Certain other Termination Rights
     The Purchaser has the right to terminate the Purchase and Sale Contract upon major property damage to the Property (cost of repairs exceed $250,000) or condemnation of a material portion of the Property. In such instance, the Initial Deposit and the Additional Deposit are to be returned to the Purchaser. In the event the Purchaser elects not to terminate the Purchase and Sale Contract, Purchaser will receive all insurance proceeds pertaining to any such damage (or the proceeds of any condemnation award) and a credit against the purchase price in the amount of any deductible payable by the Partnership in connection therewith.
Expenses and Closing Costs
     The Purchaser is responsible for paying any sales, use, gross receipts or similar taxes, the cost of recording any instruments necessary to discharge any liens against the Property, any premiums or fees required to be paid by the Purchaser for the title policy as described above, and one-half of the customary closing costs of the escrow agent. The Partnership will pay deed transfer taxes, the base premium for the title policy, and the other one-half of the closing costs of the escrow agent.
CERTAIN UNITED STATES FEDERAL INCOME TAX CONSEQUENCES
     IRS CIRCULAR 230 NOTICE. TO ENSURE COMPLIANCE WITH REQUIREMENTS IMPOSED BY THE IRS, WE INFORM YOU THAT ANY U.S. FEDERAL TAX ADVICE CONTAINED IN THIS COMMUNICATION (INCLUDING ANY ATTACHMENTS) IS NOT INTENDED OR WRITTEN TO BE USED, AND CANNOT BE USED, FOR THE PURPOSE OF AVOIDING PENALTIES UNDER THE INTERNAL REVENUE CODE OF 1986, AS AMENDED. THE ADVICE CONTAINED IN THIS COMMUNICATION WAS WRITTEN TO SUPPORT THE PROMOTION OR MARKETING OF THE TRANSACTION OR MATTER ADDRESSED BY THE ADVICE. EACH TAXPAYER SHOULD SEEK ADVICE BASED ON THE TAXPAYER’S PARTICULAR CIRCUMSTANCES FROM AN INDEPENDENT TAX ADVISOR.

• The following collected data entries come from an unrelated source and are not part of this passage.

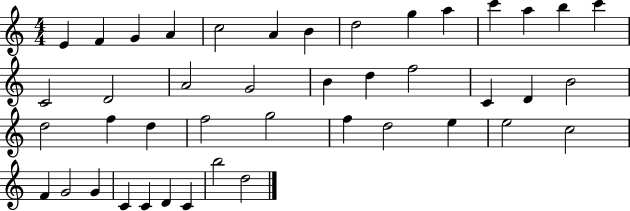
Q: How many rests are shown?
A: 0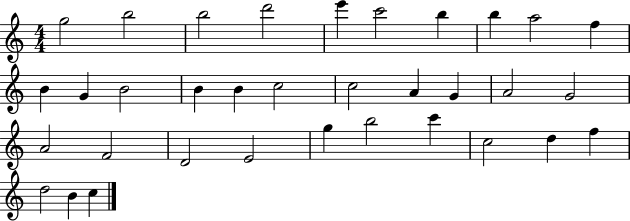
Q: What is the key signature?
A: C major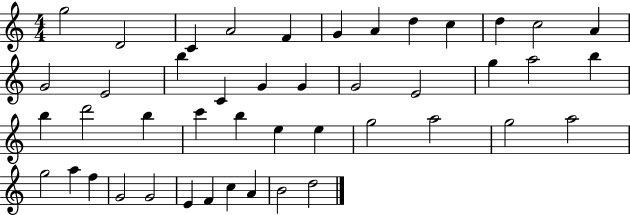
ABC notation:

X:1
T:Untitled
M:4/4
L:1/4
K:C
g2 D2 C A2 F G A d c d c2 A G2 E2 b C G G G2 E2 g a2 b b d'2 b c' b e e g2 a2 g2 a2 g2 a f G2 G2 E F c A B2 d2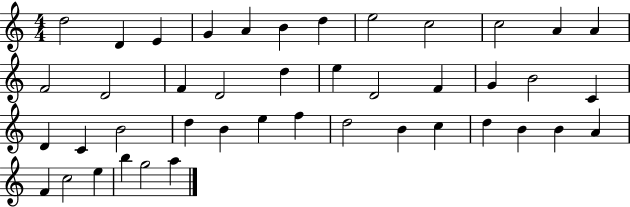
{
  \clef treble
  \numericTimeSignature
  \time 4/4
  \key c \major
  d''2 d'4 e'4 | g'4 a'4 b'4 d''4 | e''2 c''2 | c''2 a'4 a'4 | \break f'2 d'2 | f'4 d'2 d''4 | e''4 d'2 f'4 | g'4 b'2 c'4 | \break d'4 c'4 b'2 | d''4 b'4 e''4 f''4 | d''2 b'4 c''4 | d''4 b'4 b'4 a'4 | \break f'4 c''2 e''4 | b''4 g''2 a''4 | \bar "|."
}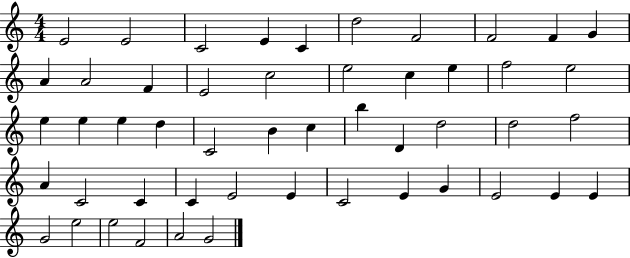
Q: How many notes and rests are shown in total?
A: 50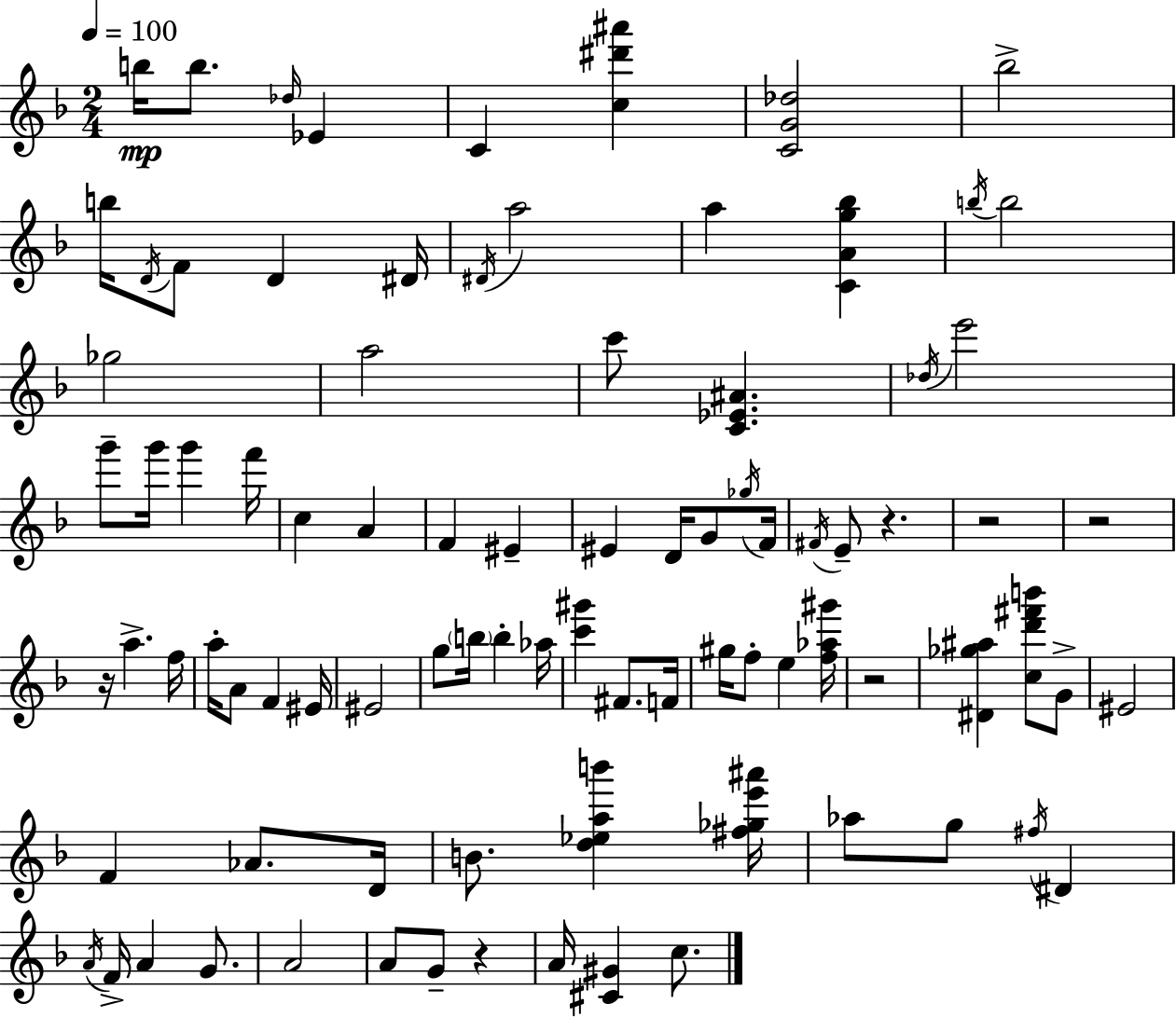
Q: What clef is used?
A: treble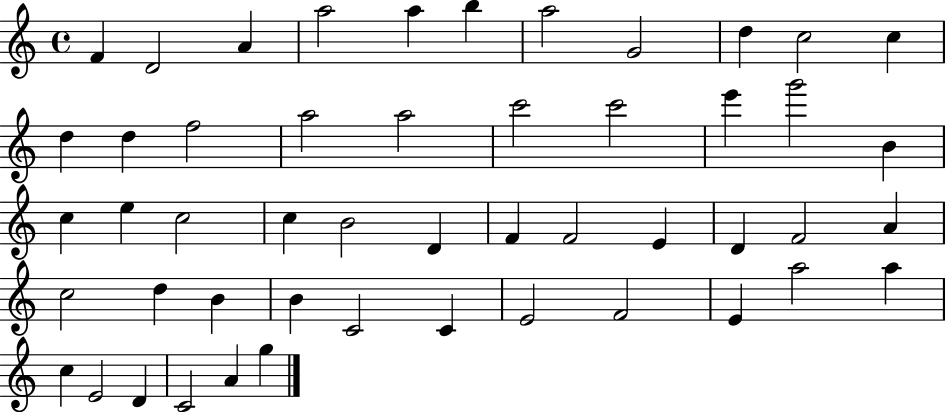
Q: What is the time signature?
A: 4/4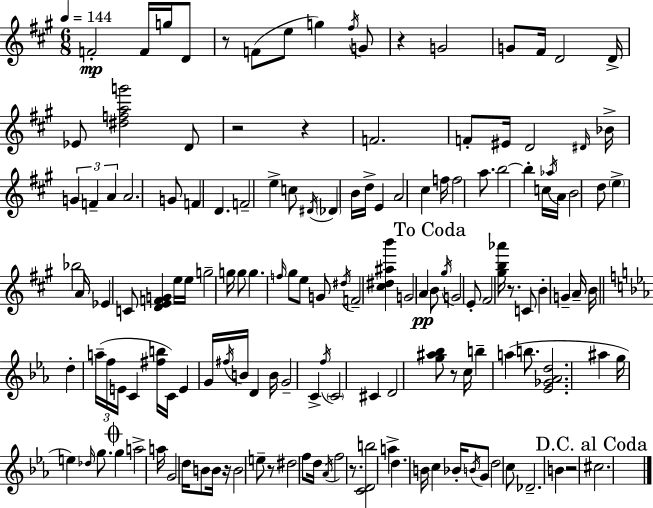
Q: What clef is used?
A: treble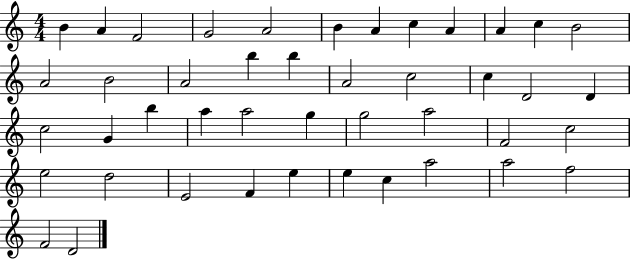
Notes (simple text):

B4/q A4/q F4/h G4/h A4/h B4/q A4/q C5/q A4/q A4/q C5/q B4/h A4/h B4/h A4/h B5/q B5/q A4/h C5/h C5/q D4/h D4/q C5/h G4/q B5/q A5/q A5/h G5/q G5/h A5/h F4/h C5/h E5/h D5/h E4/h F4/q E5/q E5/q C5/q A5/h A5/h F5/h F4/h D4/h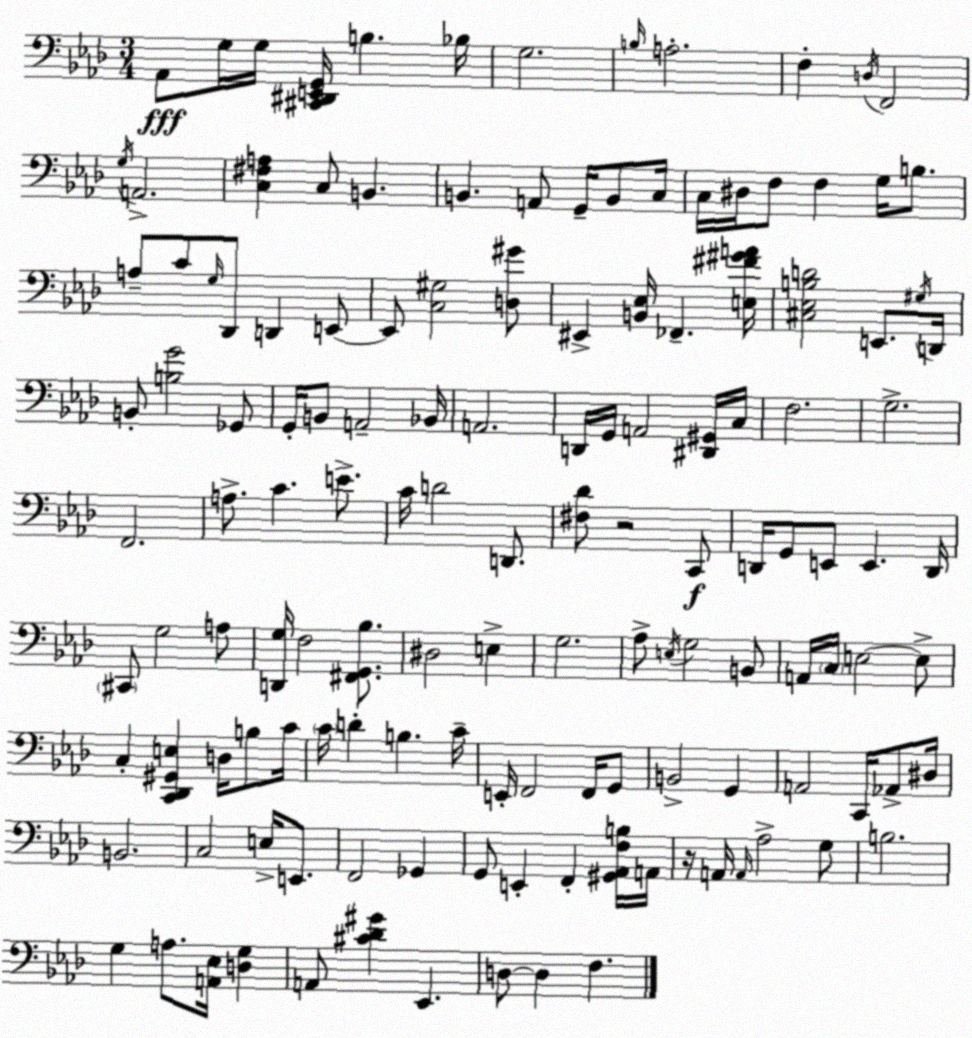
X:1
T:Untitled
M:3/4
L:1/4
K:Ab
_A,,/2 G,/4 G,/4 [^C,,^D,,E,,G,,]/4 B, _B,/4 G,2 B,/4 A,2 F, D,/4 F,,2 G,/4 A,,2 [C,^F,A,] C,/2 B,, B,, A,,/2 G,,/4 B,,/2 C,/4 C,/4 ^D,/4 F,/2 F, G,/4 B,/2 A,/2 C/2 G,/4 _D,,/2 D,, E,,/2 E,,/2 [C,^G,]2 [D,^G]/2 ^E,, [B,,_E,]/4 _F,, [E,^F^GA]/4 [^C,_E,B,D]2 E,,/2 ^G,/4 D,,/4 B,,/2 [B,G]2 _G,,/2 G,,/4 B,,/2 A,,2 _B,,/4 A,,2 D,,/4 G,,/4 A,,2 [^D,,^G,,]/4 C,/4 F,2 G,2 F,,2 A,/2 C E/2 C/4 D2 D,,/2 [^F,_D]/2 z2 C,,/2 D,,/4 G,,/2 E,,/2 E,, D,,/4 ^C,,/2 G,2 A,/2 [D,,G,]/4 F,2 [^F,,G,,_B,]/2 ^D,2 E, G,2 _A,/2 E,/4 G,2 B,,/2 A,,/4 C,/4 E,2 E,/2 C, [C,,_D,,^G,,E,] D,/4 B,/2 C/4 C/4 D B, C/4 E,,/4 F,,2 F,,/4 G,,/2 B,,2 G,, A,,2 C,,/4 _A,,/2 ^D,/4 B,,2 C,2 E,/4 E,,/2 F,,2 _G,, G,,/2 E,, F,, [^G,,_A,,F,B,]/4 A,,/4 z/4 A,,/4 A,,/4 _A,2 G,/2 B,2 G, A,/2 [A,,_E,]/4 [D,G,] A,,/2 [^C_D^G] _E,, D,/2 D, F,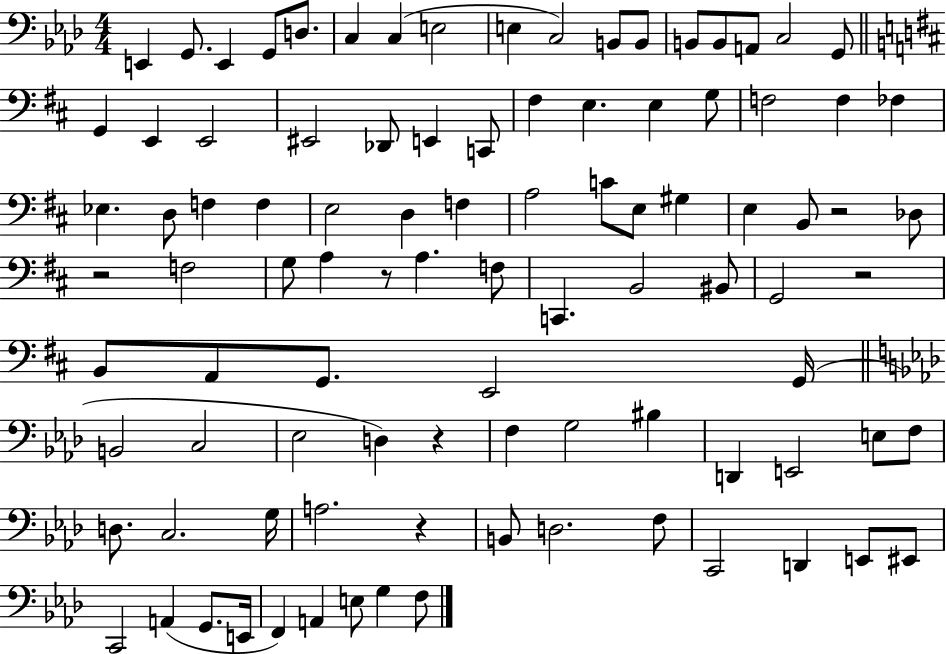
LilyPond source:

{
  \clef bass
  \numericTimeSignature
  \time 4/4
  \key aes \major
  e,4 g,8. e,4 g,8 d8. | c4 c4( e2 | e4 c2) b,8 b,8 | b,8 b,8 a,8 c2 g,8 | \break \bar "||" \break \key b \minor g,4 e,4 e,2 | eis,2 des,8 e,4 c,8 | fis4 e4. e4 g8 | f2 f4 fes4 | \break ees4. d8 f4 f4 | e2 d4 f4 | a2 c'8 e8 gis4 | e4 b,8 r2 des8 | \break r2 f2 | g8 a4 r8 a4. f8 | c,4. b,2 bis,8 | g,2 r2 | \break b,8 a,8 g,8. e,2 g,16( | \bar "||" \break \key f \minor b,2 c2 | ees2 d4) r4 | f4 g2 bis4 | d,4 e,2 e8 f8 | \break d8. c2. g16 | a2. r4 | b,8 d2. f8 | c,2 d,4 e,8 eis,8 | \break c,2 a,4( g,8. e,16 | f,4) a,4 e8 g4 f8 | \bar "|."
}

     The federal, state and local tax consequences to you of a sale of the Property may be significant and adverse. The following discussion briefly summarizes the typical material aspects of the federal income tax consequences to a Limited Partner that should be considered in connection with the Sale of the Property; however the tax consequences to you could be materially different for a variety of reasons, including, but not limited to, your personal tax position. This discussion does not contain a discussion of all tax consequences that may result to you personally as a result of this proposed Sale. The discussion is based on current United States federal tax law, which is subject to change (possibly with retroactive effect), and does not consider state, local and foreign income tax aspects of the Sale. THIS DISCUSSION DOES NOT ADDRESS SPECIAL CONSIDERATIONS AND RULES APPLICABLE TO LIMITED PARTNERS THAT ARE TAX-EXEMPT OR FOREIGN ENTITIES. EACH LIMITED PARTNER SHOULD CONSULT AND MUST RELY UPON HIS, HER OR ITS OWN TAX ADVISOR IN ORDER TO UNDERSTAND FULLY THE FEDERAL, STATE, LOCAL AND FOREIGN INCOME AND ESTATE AND GIFT TAX CONSEQUENCES TO HIM, HER OR IT ARISING FROM THE SALE OF THE PROPERTY.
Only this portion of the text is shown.